# Instructions to follow:
Please set down every entry below exactly as given.

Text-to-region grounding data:
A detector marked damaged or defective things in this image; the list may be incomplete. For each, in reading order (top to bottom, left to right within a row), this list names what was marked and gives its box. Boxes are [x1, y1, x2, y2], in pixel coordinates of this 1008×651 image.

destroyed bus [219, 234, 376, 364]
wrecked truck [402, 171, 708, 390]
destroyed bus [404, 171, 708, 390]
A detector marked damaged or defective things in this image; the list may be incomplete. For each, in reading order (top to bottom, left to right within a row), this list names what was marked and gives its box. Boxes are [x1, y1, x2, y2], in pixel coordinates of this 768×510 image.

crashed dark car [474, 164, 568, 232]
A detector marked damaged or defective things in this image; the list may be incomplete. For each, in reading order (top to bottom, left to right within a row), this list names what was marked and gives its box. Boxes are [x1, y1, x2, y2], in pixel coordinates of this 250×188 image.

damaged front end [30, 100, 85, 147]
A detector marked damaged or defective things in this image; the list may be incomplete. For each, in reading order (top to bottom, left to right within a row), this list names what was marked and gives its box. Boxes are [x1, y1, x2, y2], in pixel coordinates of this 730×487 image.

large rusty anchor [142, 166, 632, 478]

# Response area:
A detector marked damaged or defective things in this image; the list may be incomplete. For each, in reading order (top to bottom, left to right within a row), this list names what was marked and gives its box. Boxes are [x1, y1, x2, y2], in pixel coordinates of this 1008×651 image.

destroyed bus [219, 234, 376, 364]
wrecked truck [402, 171, 708, 390]
destroyed bus [404, 171, 708, 390]
A detector marked damaged or defective things in this image; the list may be incomplete. For each, in reading order (top to bottom, left to right within a row), this list names what was marked and gives its box. Boxes are [x1, y1, x2, y2], in pixel coordinates of this 768×510 image.

crashed dark car [474, 164, 568, 232]
A detector marked damaged or defective things in this image; the list may be incomplete. For each, in reading order (top to bottom, left to right within a row), this list names what was marked and gives its box. Boxes are [x1, y1, x2, y2], in pixel coordinates of this 250×188 image.

damaged front end [30, 100, 85, 147]
A detector marked damaged or defective things in this image; the list may be incomplete. For each, in reading order (top to bottom, left to right within a row), this list names what was marked and gives its box. Boxes are [x1, y1, x2, y2], in pixel coordinates of this 730×487 image.

large rusty anchor [142, 166, 632, 478]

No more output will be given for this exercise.